Terminal yang Masih Jadi Harapan
Namun, harapan itu ternyata belum bisa sepenuhnya diwujudkan. Kepala Bidang Lalu Lintas dan Angkutan Jalan Dinas Perhubungan Teluk Bintuni, Marten Kilonresi, menegaskan bahwa Terminal Tipe B di Manimeri belum dapat difungsikan.
“Masih ada sejumlah faktor yang menjadi kendala. Unit Pelaksana Teknis (UPT) Terminal dari Pemprov Papua Barat belum terbentuk, dan keputusan bersama soal sistem transportasi yang akan dijalankan juga belum ada,” kata Marten.
Meski begitu, angin segar mulai berembus. Pada Kamis, 18 September 2025, Dinas Perhubungan Provinsi Papua Barat telah menggelar rapat bersama sejumlah pihak terkait. Fokusnya adalah membicarakan langkah-langkah penertiban kendaraan penumpang di Terminal Pasar Wosi, Manokwari.
Dari sana, direncanakan minggu depan, Pemprov Papua Barat dan Pemkab Teluk Bintuni akan duduk bersama untuk membahas pemanfaatan Terminal Tipe B di Manimeri.
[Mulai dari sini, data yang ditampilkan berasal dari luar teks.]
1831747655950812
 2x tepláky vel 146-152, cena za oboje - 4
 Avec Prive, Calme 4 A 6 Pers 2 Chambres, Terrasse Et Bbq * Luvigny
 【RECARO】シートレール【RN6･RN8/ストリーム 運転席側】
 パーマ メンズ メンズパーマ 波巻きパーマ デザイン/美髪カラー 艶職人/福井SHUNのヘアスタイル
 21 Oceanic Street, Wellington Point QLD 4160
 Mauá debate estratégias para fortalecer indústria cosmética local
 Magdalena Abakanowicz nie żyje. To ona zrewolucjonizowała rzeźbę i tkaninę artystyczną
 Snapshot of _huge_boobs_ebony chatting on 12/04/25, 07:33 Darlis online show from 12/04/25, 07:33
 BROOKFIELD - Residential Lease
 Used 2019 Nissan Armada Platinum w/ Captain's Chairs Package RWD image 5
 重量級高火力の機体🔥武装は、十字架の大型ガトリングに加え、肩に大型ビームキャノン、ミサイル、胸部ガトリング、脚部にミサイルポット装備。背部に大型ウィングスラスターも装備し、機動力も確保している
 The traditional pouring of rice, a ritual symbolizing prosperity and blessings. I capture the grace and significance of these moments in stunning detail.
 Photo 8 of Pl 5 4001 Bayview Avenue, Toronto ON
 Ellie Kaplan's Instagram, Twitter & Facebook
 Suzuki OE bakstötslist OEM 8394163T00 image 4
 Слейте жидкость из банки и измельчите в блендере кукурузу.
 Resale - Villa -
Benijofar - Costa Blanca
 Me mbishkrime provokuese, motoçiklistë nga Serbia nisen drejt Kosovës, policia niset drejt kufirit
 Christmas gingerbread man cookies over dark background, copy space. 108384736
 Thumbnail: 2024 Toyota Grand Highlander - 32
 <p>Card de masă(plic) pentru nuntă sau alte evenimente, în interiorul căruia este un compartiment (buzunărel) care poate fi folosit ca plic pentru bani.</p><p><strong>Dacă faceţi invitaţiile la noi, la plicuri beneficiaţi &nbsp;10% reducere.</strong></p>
Antara Kebutuhan Ekonomi dan Ketertiban Kota
Di balik keluhan pedagang, sebenarnya tersimpan dilema yang kerap muncul di banyak kota kecil yang sedang bertumbuh. Di satu sisi, kendaraan angkutan umum Hilux adalah urat nadi mobilitas warga. Di sisi lain, tanpa tata kelola yang rapi, ia bisa menjadi biang kemacetan bahkan merugikan ekonomi kecil di pasar.
Pasar Sentral Bintuni adalah contoh nyata. Para pedagang yang sebagian besar menggantungkan hidupnya dari hasil jualan harian, tentu merasa dirugikan ketika akses ke kios atau los mereka tertutup mobil Hilux yang parkir di depan. Pembeli yang hendak singgah pun sering memilih berlalu.
“Kalau siang begini, mobil-mobil Hilux itu parkir tepat di depan kios kami. Kadang kami harus marah dulu baru mereka geser,” keluh seorang tukang cukur sambil menunjuk ke arah deretan kendaraan yang berhenti di pinggir pasar.
Masalah ini tak hanya soal kenyamanan, tapi juga soal keberlangsungan ekonomi rakyat kecil. Setiap hari, mereka bergantung pada berapa banyak pembeli yang datang. Setiap kios atau los yang tertutup, berarti ada peluang rezeki yang hilang.
Menunggu Aksi Nyata
Kini, bola ada di tangan pemerintah provinsi dan kabupaten. Pertemuan pekan depan antara Pemprov Papua Barat dan Pemkab Teluk Bintuni diharapkan tak hanya sekadar rapat formal, tetapi benar-benar menghasilkan kesepakatan konkret soal pemanfaatan Terminal Tipe B Manimeri.
Jika terminal itu segera difungsikan, bukan hanya pedagang di Pasar Sentral yang merasakan dampaknya. Penataan kendaraan angkutan umum Hilux akan memberi wajah baru bagi kota Bintuni: lebih tertib, lebih nyaman, dan memberi ruang bagi aktivitas ekonomi rakyat untuk tumbuh.
Sementara itu, pedagang di Pasar Sentral hanya bisa menunggu dengan sabar, sembari berharap pemerintah benar-benar hadir untuk mendengar suara mereka.
“Harapan kami cuma sederhana: jangan lagi kios atau los kami tertutup mobil. Kalau pemerintah bisa atur itu, kami sudah bersyukur,” kata seorang pedagang sembako, matanya menatap kosong ke arah jalan yang sesak oleh kendaraan Hilux.
Suara lirih itulah yang seharusnya menjadi alarm bagi pemerintah. Sebab pasar bukan hanya tempat jual beli, melainkan juga wajah keseharian masyarakat, ruang ekonomi kerakyatan yang harus dijaga bersama.